Four Persuasive Words That Could Have Saved Twelve Lives

Last night I tuned into one of my favorite shows on television, Airline Disasters.  No, I don’t enjoy watching plane crashes. I am, however, interested in the way they probe for the causes of each crash. Crashes caused by poor communication grab my attention. I ask myself what they could have done different to avoid the disaster.

The idea of watching plane crashes may make your belly churn. Take heart. There’s a silver lining at the end of every episode. The results of these crash investigations lead to changes that make us safer.

Sunday’s episode showed a prime example of poor communication. The copilot voiced several warnings to the pilot. His instruments showed they were off course. The pilot dismissed all his concerns. Alarms sounded. The copilot yelled go around.  At four hundred feet in altitude the pilot increased power. He tried to gain altitude. He was too late. The plane crashed into a hill.
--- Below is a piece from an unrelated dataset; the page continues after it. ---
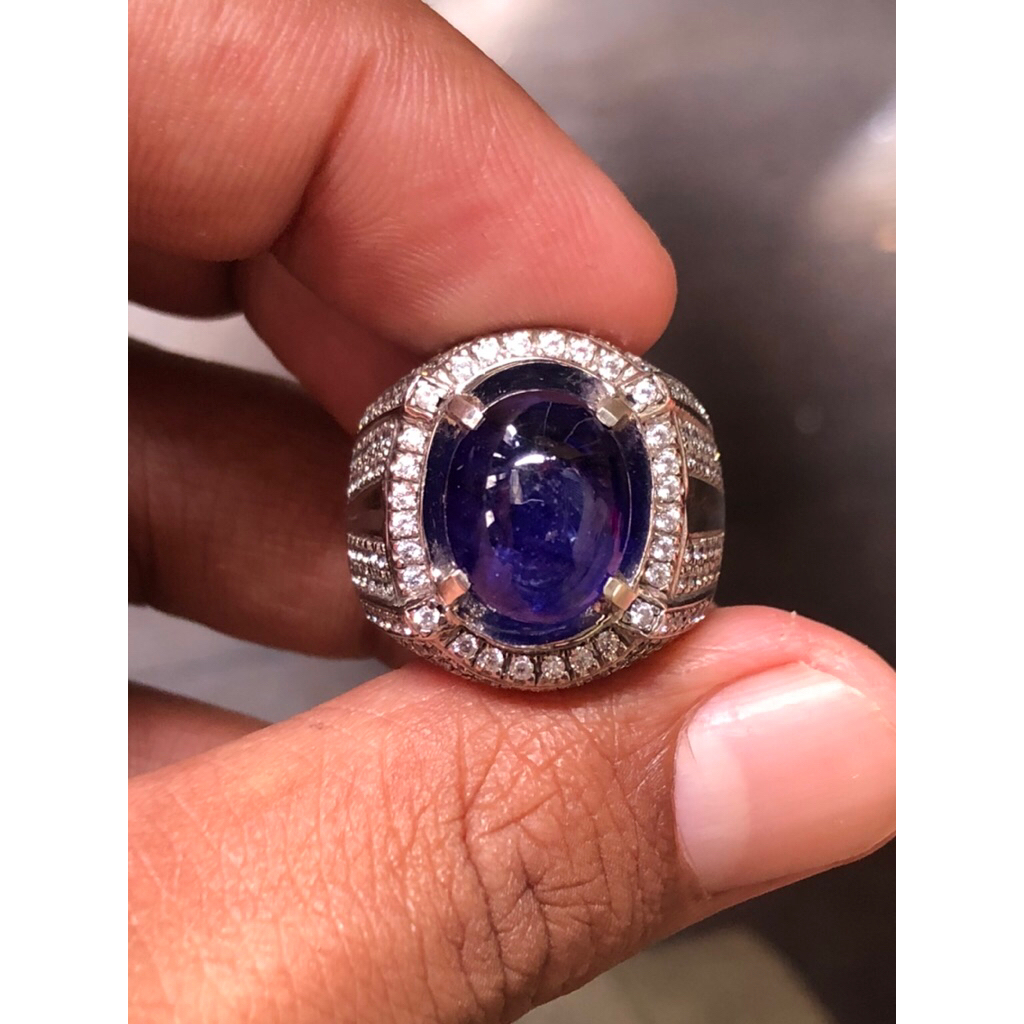 010 cincin batu asli blue safir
The lead investigator noted eighteen instances where the copilot voiced concern. Each time he tried to warn the pilot the plane was off course. Why did the pilot fail to listen?

It’s easy to put all the blame on the pilot. He failed to listen to his copilot. Could the copilot have done something different? We will never know. From the re-enactment of the cockpit voice recorder, I noted three strategies that may have persuaded the captain to listen. Each one yields extra firepower when you communicate to someone in a higher authority.

Indirect Warnings

The copilot raised concerns but he only gave one direct warning. Most of his other statements were hints of a problem. Things that a more experienced pilot could note, but easily dismiss. There’s a time and place for subtlety. Sometimes you just need to be direct and stern. It’s difficult when you’re in a junior position. A direct warning that disaster loomed might have been more convincing.


The copilot gave no plausible reason why things were off.  He lacked experience and knowledge. He could not articulate why things looked off. Perhaps if he said “our compasses don’t match” the pilot would have seen the problem.

Those four words could have saved the lives of the passengers and crew. The copilot didn’t know his stuff.  He could not offer a plausible reason for his concerns. Maybe that’s why the pilot failed to take him seriously.


The copilot gave up his power. When the pilot rebuked him he gave in. To his credit he tried several more times. He never insisted. He never put himself on the line and demanded they abort the approach. It’s easy for me to say he should have stuck his neck out. There may have been consequences to challenging his pilot. He may have been wrong. That would reflect poorly on his record. At least they all would be alive.

Fortunately for us, most situations that require us to challenge an authority figure are not life and death. There’s less at stake. As you can see, even in life and death decisions, humans find it difficult to do what’s uncomfortable.